Yes. It's a good question. Go to market is in one way in the simplest form relatively similar to text if you sell an API with more channels. I mean, either you sell a text messaging API or you sell an API with more channels. That's an API based sales of messaging connectivity, which is pretty similar.
Now when you go into conversation API, what happens is enterprises typically want more software on top. So they would typically want like chat layer on top because consumers start to respond and then you need to have an automated response engine or they want a more software to create the messages. Then it becomes a more value added kind of go to market model. So there you need a different type of sales force who are a more value based sale than you had in the classic old CLX days, if you will. So that is changing our go to market model.
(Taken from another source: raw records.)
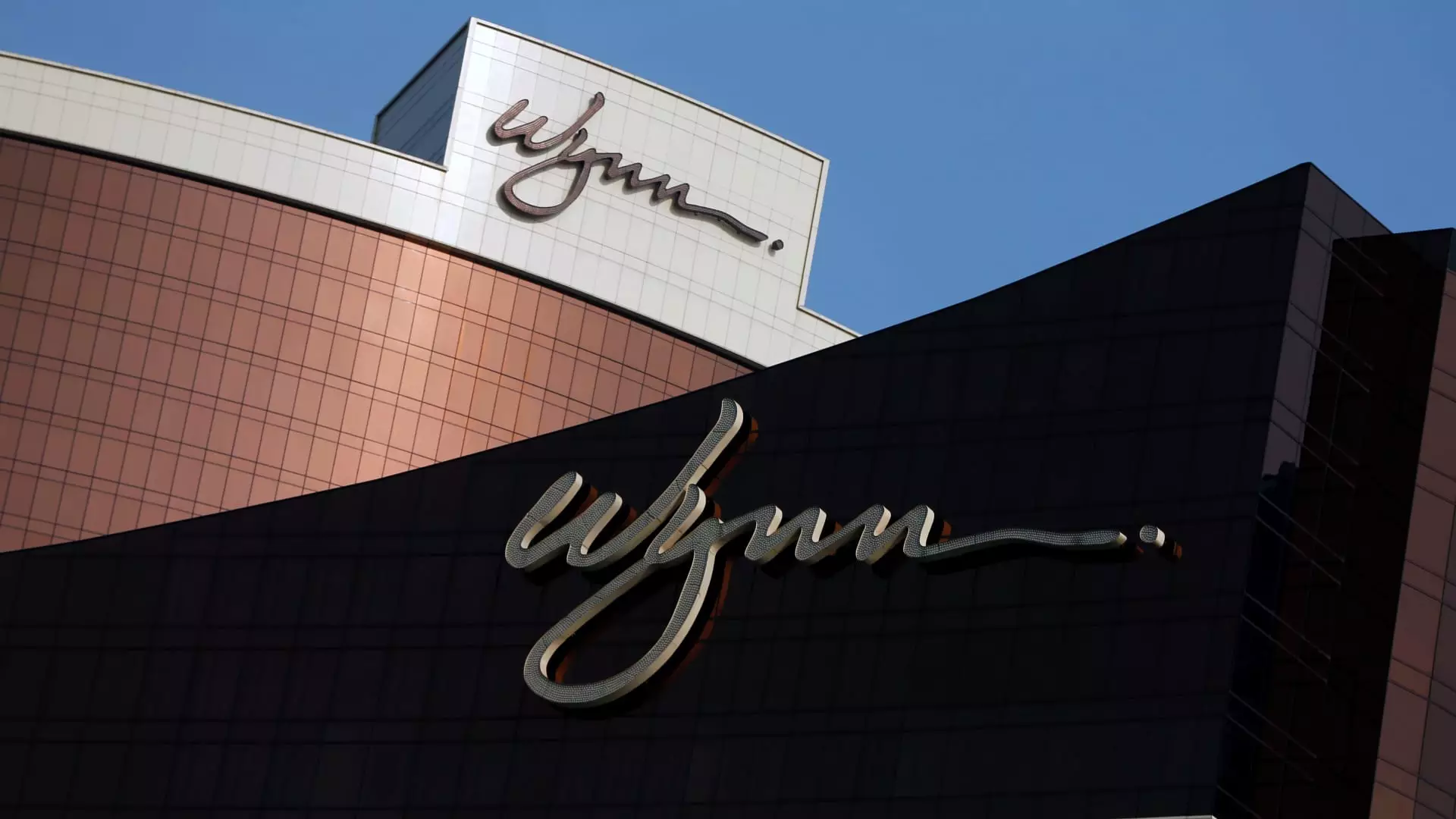 Why Wynn Resorts’ $2.7 Billion Escape from New York Signals Trouble for Future Investments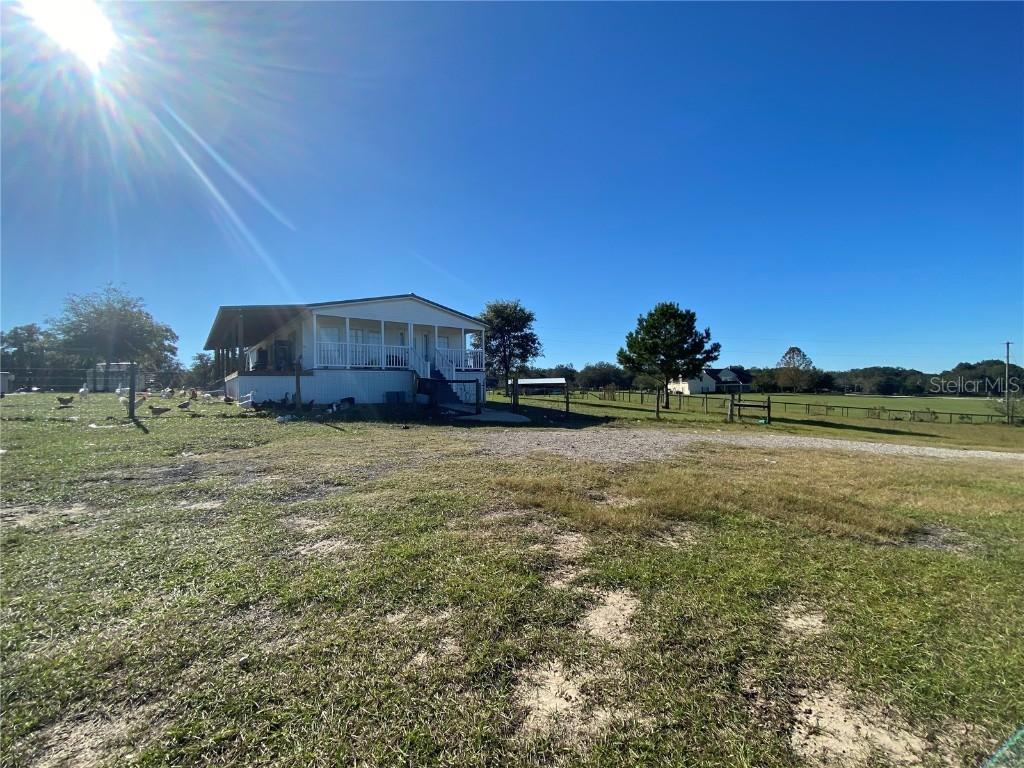 19551 Old Trilby Rd., Dade City, FL 33523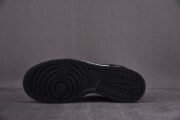 Nike Dunk Low Retro White Black (2021) DD1391-100 - Image 10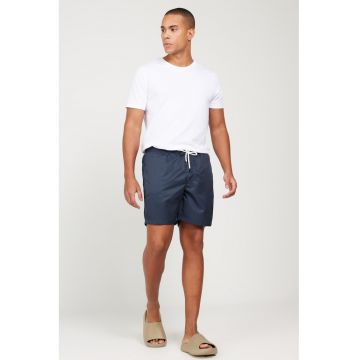 Pantaloni scurti de baie uni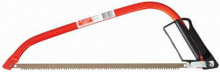 Bahco BAHSE-16-21 - 21" Economy Bow Saw Frame and Blade For Dry Wood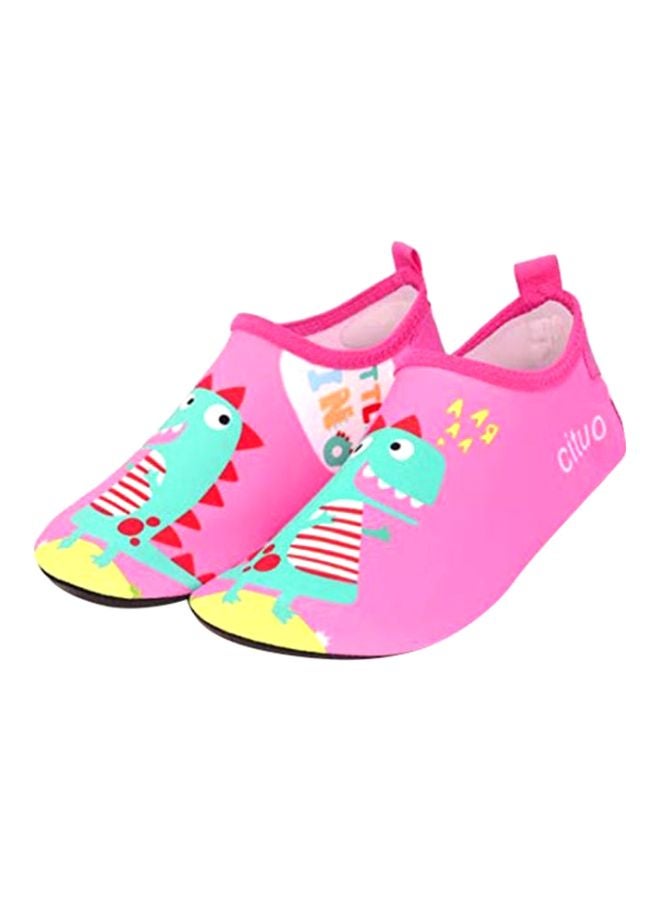 J&J Kids Non-Slip And Quick-Drying Diving Socks  - Image 2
So in one way, it's similar. In one way, it's different. And that's a transformation we're going through. And believe me, it's very exciting, but it's not easy. Your second question now, now forgotten.
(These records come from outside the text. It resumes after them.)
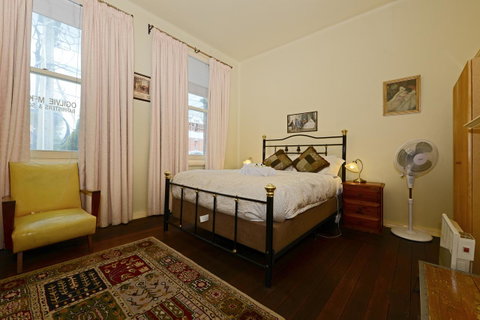 Edinburgh Gallery Bed & Breakfast - Accommodation Cairns 25
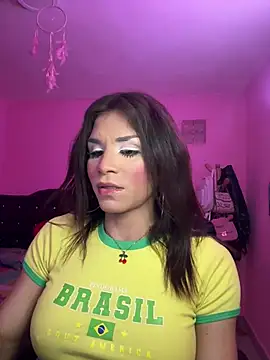 Snapshot of stassie_ chatting on 01.26.25 stassie online show from 01.26.25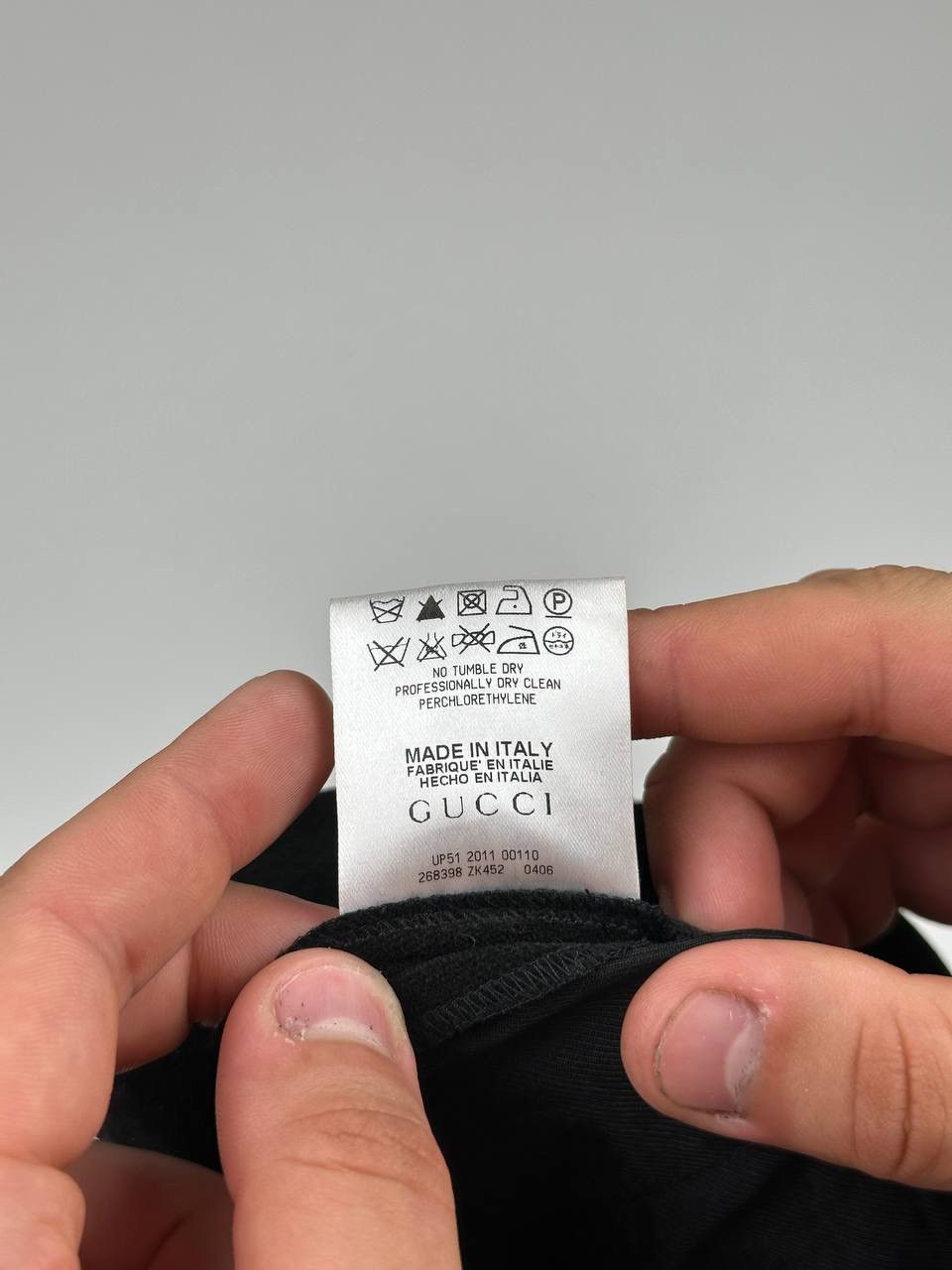 Gucci Pants Gucci Size 26" / US 2 / IT 38 - 7 Thumbnail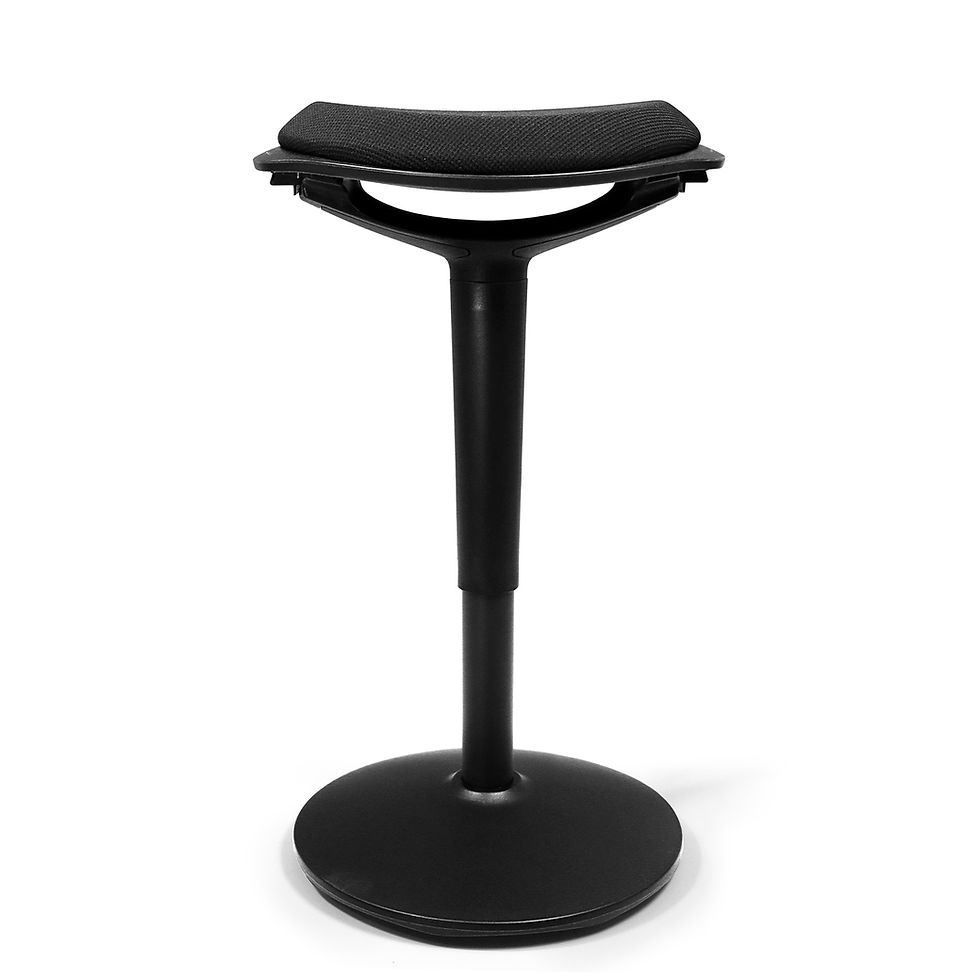 Sillas de oficina. Magdiel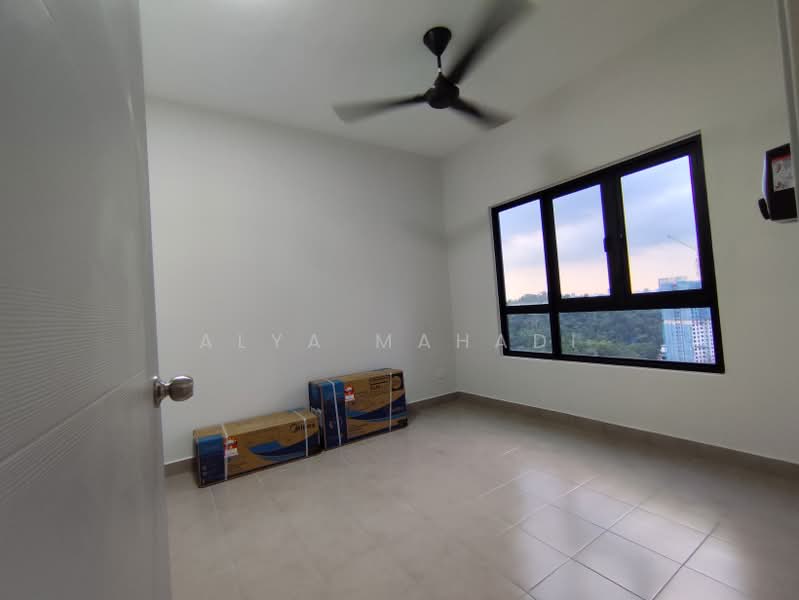 Condominium for Rent at Residensi Alamanda - Alya Mahadi - Interior - PropertyGuru.com.my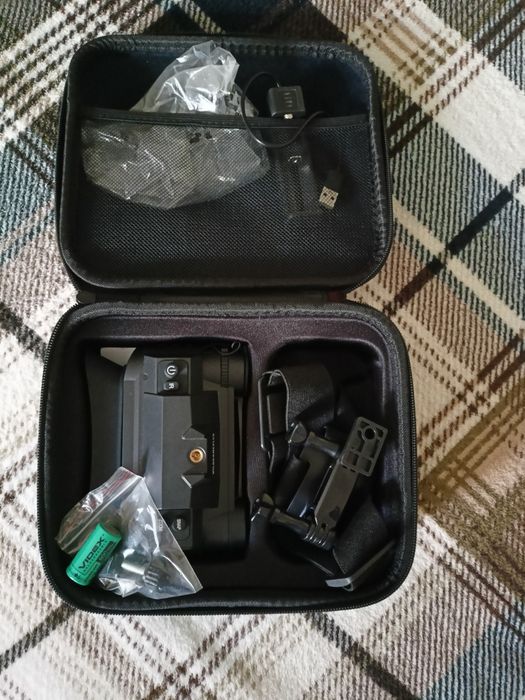 Прилад нічного бачення NVG-G1 (не для військових, бо не підходить)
Could you please repeat that?
It was a little bit on the competition. For example, you have the rich rendering, while some of your competitors has this orchestration offering, if it's similar or unique selling points? That's another question.
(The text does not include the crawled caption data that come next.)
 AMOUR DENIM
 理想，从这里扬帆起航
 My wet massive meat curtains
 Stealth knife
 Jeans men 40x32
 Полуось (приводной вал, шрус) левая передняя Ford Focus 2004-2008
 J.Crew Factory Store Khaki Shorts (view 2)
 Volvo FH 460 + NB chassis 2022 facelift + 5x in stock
Yes. So we believe our USPs are it's hard to say because the market is so similar. So it hasn't really ironed out or so early because it hasn't really ironed out yet. But one is the number of channels. So we're going for having the broadest channel selection.
Number 2 is personalization, using the assets from vehicle and a couple of other technologies. So really making the messages personal to the consumer is one key thing. Second one is our core USP in all the company, which is just service quality, uptime service quality. And the third one would be looking into the data side and looking at how can we actually help companies to improve the commercial rates. So that's a couple of the USPs we're targeting, but this is customer driven development.
You need to work closely with the customers and realize what do they need, what can we do and that's going to be developed over the coming quarters. But that's kind of directionally where we're going.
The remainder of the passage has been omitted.